→ Recorded data:
• • • •

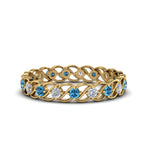 Load image into Gallery viewer, half-carat-diamond-anniversary-eternity-ring-with-blue-topaz-in-yellow-gold-FDEWB124119ROR(2.00MM)GICBLTO-NL-YG
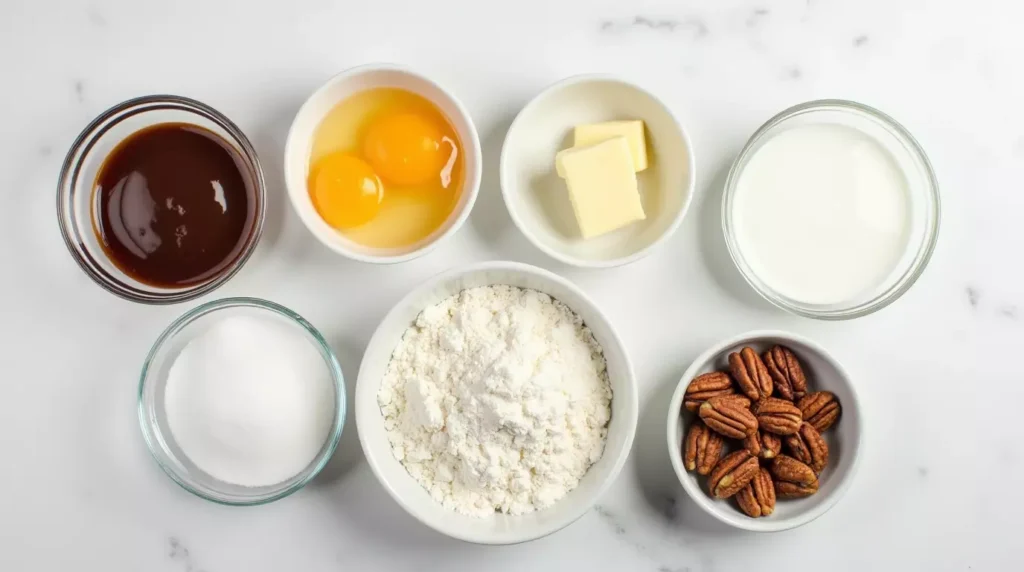Baking ingredients for German chocolate pound cake in bowls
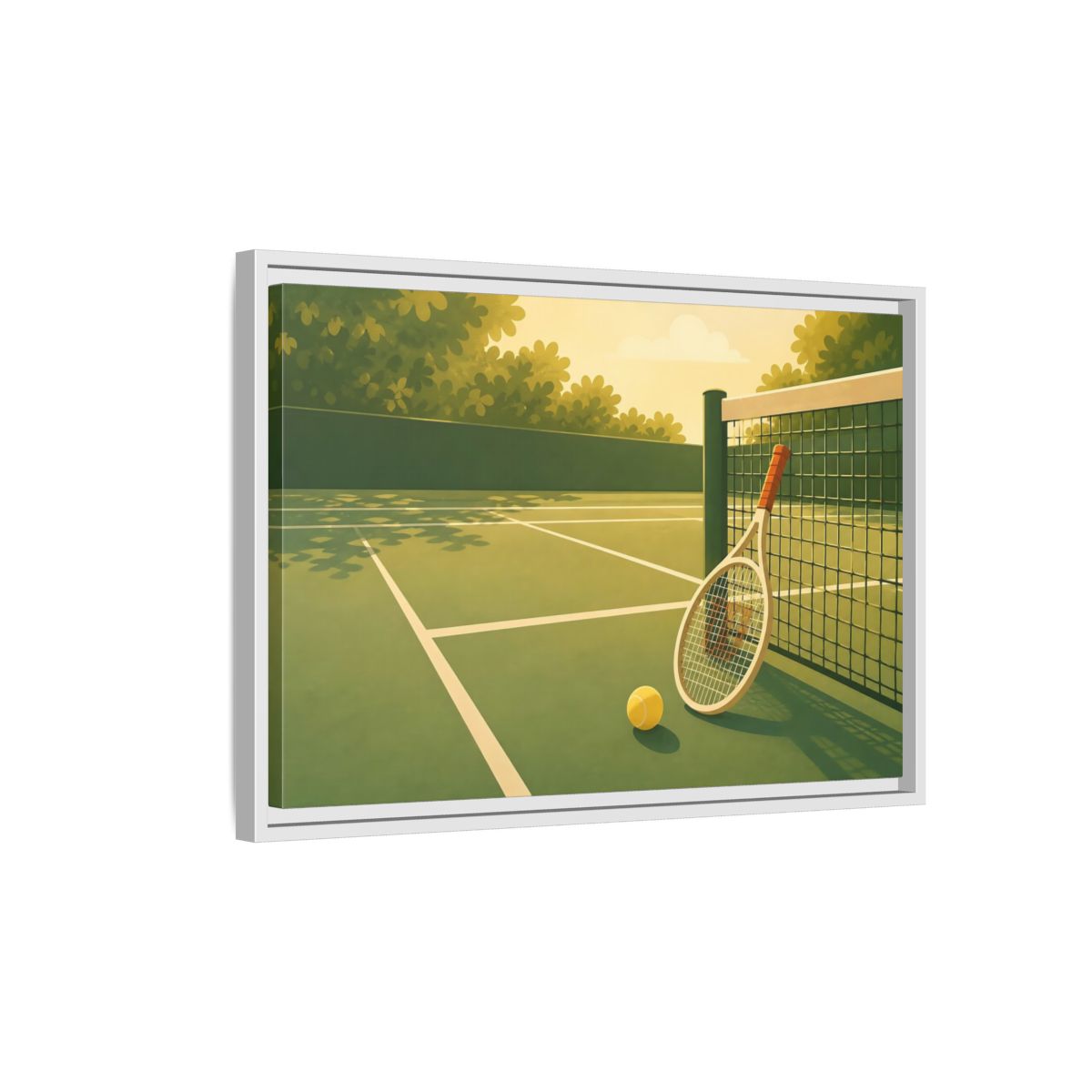 Side Mockup 1. Sunlit Tennis Court shown as framed canvas print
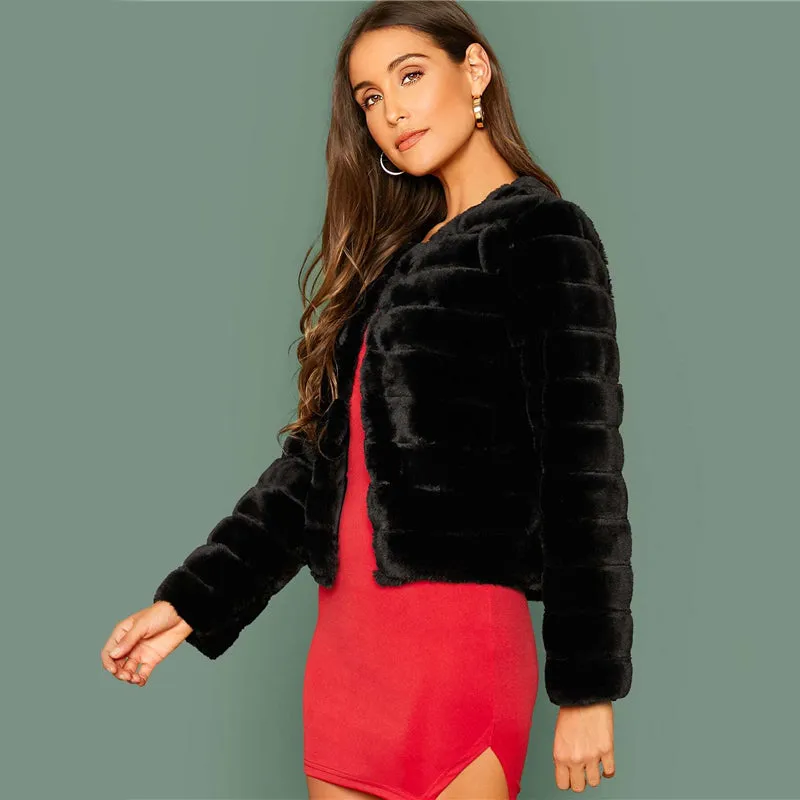 Women's Winter Faux Fur O-Neck Thick Long-Sleeved Coat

• • • •

→ Exercise description: Word for word, quote the full listing, omitting every picture.

→ Reply to the exercise:
 Load image into Gallery viewer, half-carat-diamond-anniversary-eternity-ring-with-blue-topaz-in-yellow-gold-FDEWB124119ROR(2.00MM)GICBLTO-NL-YG
Baking ingredients for German chocolate pound cake in bowls
 Side Mockup 1. Sunlit Tennis Court shown as framed canvas print
 Women's Winter Faux Fur O-Neck Thick Long-Sleeved Coat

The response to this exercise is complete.